SOURCE MATERIAL:

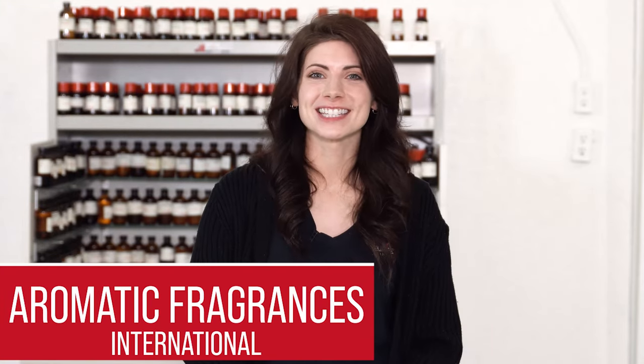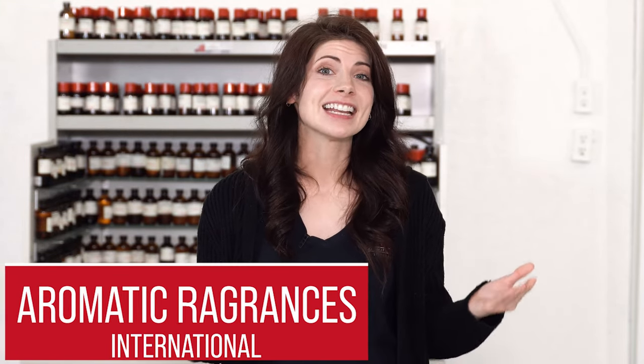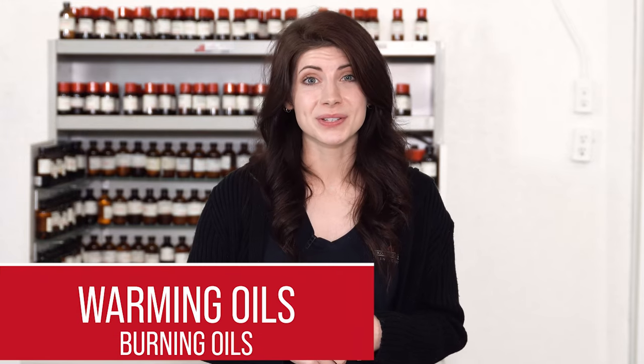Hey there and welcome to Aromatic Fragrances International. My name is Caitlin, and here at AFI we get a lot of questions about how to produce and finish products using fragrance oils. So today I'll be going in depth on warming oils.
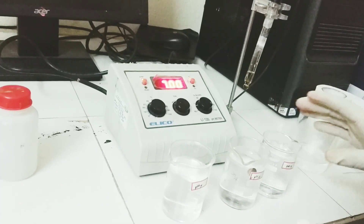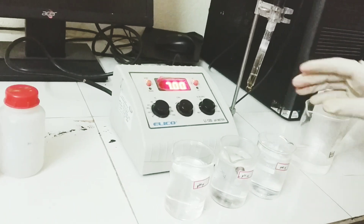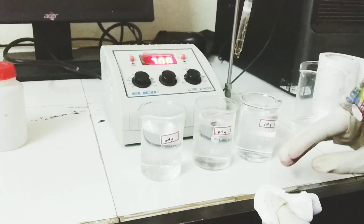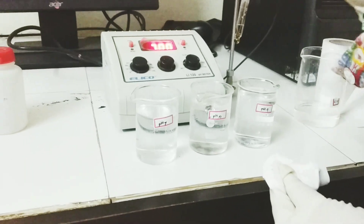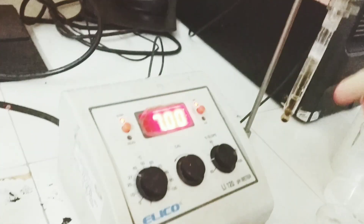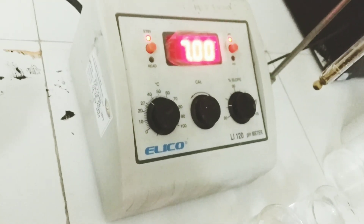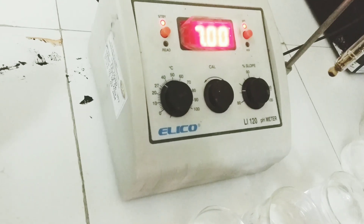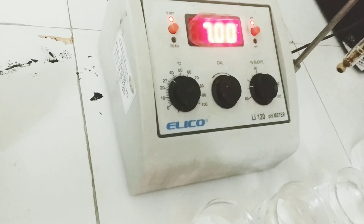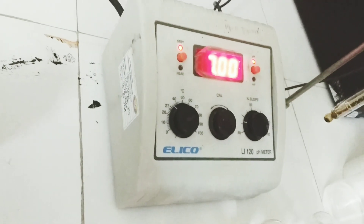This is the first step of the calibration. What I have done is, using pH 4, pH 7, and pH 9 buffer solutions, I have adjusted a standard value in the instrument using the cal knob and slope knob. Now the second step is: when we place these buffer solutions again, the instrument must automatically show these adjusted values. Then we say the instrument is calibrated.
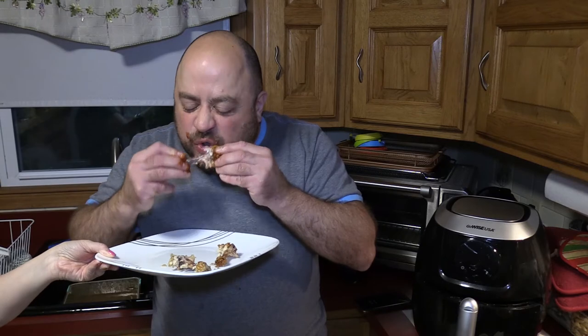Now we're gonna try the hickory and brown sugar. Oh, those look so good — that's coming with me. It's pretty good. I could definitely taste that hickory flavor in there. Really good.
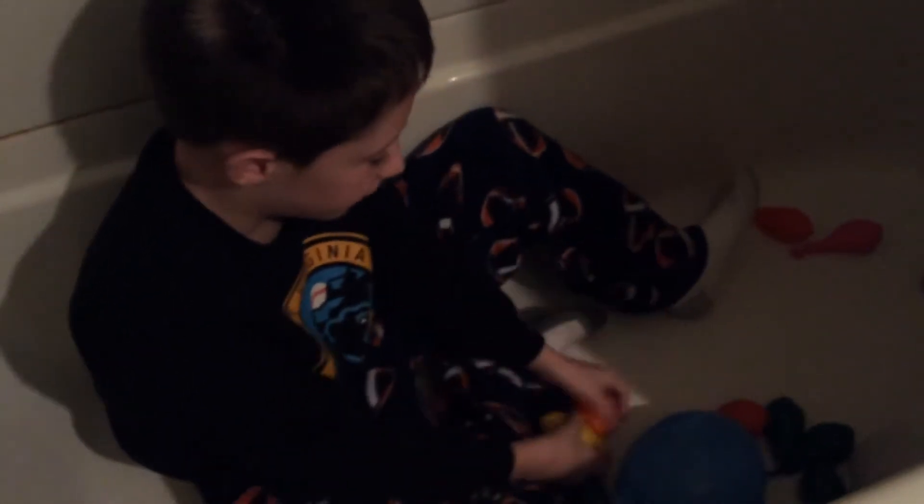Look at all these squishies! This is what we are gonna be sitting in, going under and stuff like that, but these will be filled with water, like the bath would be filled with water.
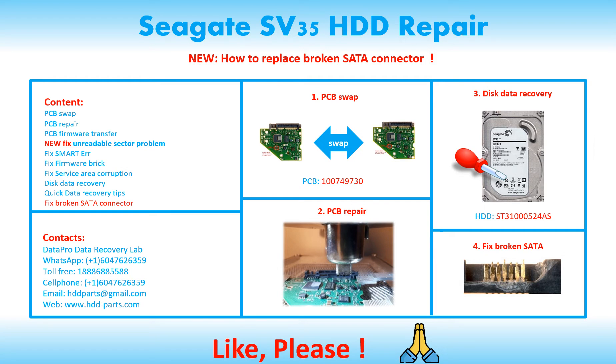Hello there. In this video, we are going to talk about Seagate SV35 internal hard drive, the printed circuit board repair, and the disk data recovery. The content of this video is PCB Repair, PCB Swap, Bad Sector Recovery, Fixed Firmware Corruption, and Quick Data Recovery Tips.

WHAT YOU HAVE TO DO: The lines from the one holding "This is the" through the end of the material above are to be echoed exactly, both ends included. Do not include pictures.

SOLUTION TO THIS PROBLEM:
This is the first step of the calibration. What I have done is, using pH 4, pH 7, and pH 9 buffer solutions, I have adjusted a standard value in the instrument using the cal knob and slope knob. Now the second step is: when we place these buffer solutions again, the instrument must automatically show these adjusted values. Then we say the instrument is calibrated.
Now we're gonna try the hickory and brown sugar. Oh, those look so good — that's coming with me. It's pretty good. I could definitely taste that hickory flavor in there. Really good.
Look at all these squishies! This is what we are gonna be sitting in, going under and stuff like that, but these will be filled with water, like the bath would be filled with water.
Hello there. In this video, we are going to talk about Seagate SV35 internal hard drive, the printed circuit board repair, and the disk data recovery. The content of this video is PCB Repair, PCB Swap, Bad Sector Recovery, Fixed Firmware Corruption, and Quick Data Recovery Tips.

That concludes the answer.